Marvel have made some absolute disasters along the way, most notoriously Madame Web, but this has a good go at being just as bad. Normally The Rock, as the titular antihero,  is decent value for money when playing with his meat-mountain image for comic effect, but any attempt to do so is hopelessly drowned under a two-hour-torrent of extremely boring CGI fight after fight.
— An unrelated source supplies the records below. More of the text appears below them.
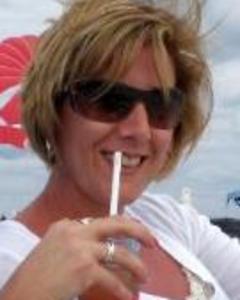 Woman, 59. latfox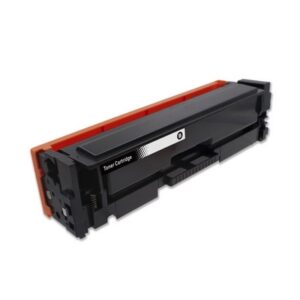 cf540x.c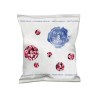 Lamponi Interi IQF Surgelati 5 x 1 kg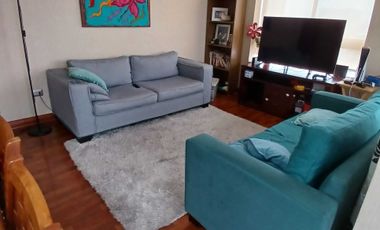 Departamento en venta en SAN MIGUEL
Nor can Pierce Brosnan, as a wise old magician, save the affair from utter pointlessness.

3/10

Thursday, 7 August 2025

Spectral (Nic Mathieu, 2016)


The bravest feat this action film achieves is choosing to wreck an Eastern European city in a battle against supernatural enemies rather than the usual L.A. So, the capital of Moldova (played by Budapest) gets it, with an impending civil war exarcerbated by hordes of ghosts that kill on contact. Naturally it's left to the U.S. army to sort things out, represented by a scientist, who sees the ghosts for what they really are, tagging along with a bunch of rent-a-grunts. Basically Aliens, but with considerably less plot logic, despite bunging in lots of pseudoscience. Ho hum.

4/10

Thursday, 31 July 2025

Heads of State (Ilya Naishuller, 2025)


John Cena and Idris Elba respectively play the U.S. President and British Prime Minister, baling out of Air Force One as it's attacked by terrorists of some ilk over Belarus. They then have to get over their bickering enough to avoid further attempts to kill them and get to the NATO summit they were supposed to be attending in Trieste.
It's basically a mismatched buddy comedy, with dollops upon dollops of ludicrous action eventually almost suffocating the film's strong suit, Cena's action film star turned gung-ho POTUS (a nod to Schwarzenegger's stint as Governor of California there) bouncing off Elba's pragmatist who has actual life experience. So, safely playing to national stereotypes, albeit so much from a Hollywood angle that Britain is just Buckingham Palace and fish and chips, and Elba even says 'diaper' at one point. While well choreographed, as most things are these days, the action does get tiresome, but it's hard to dislike the duo, who are clearly enjoying themselves immensely, and you can forgive its wanton stupidity because of that.

6/10

Tuesday, 29 July 2025

Nuestros Tiempos (Chava Cartas, 2025)


Once again in the land that time will never forget, the time travel genre. This time, a physicist couple in the Mexico of 1966 construct a machine that takes them to the modern day and while at first it's only the technological differences they find baffling, soon the changes in society become a bigger issue for them to contend with. This is particularly to do with the changed status of women, which threatens to split the couple as while he just wants to get back home, she can no longer face it.
So, Our Times does try to put a new spin on the oft-visited theme. But it's a romance at heart with a modish sci-fi element, rather than a serious cogitation on causality, which would be the modern norm for the genre. In the end, the social comment angle wears thin too.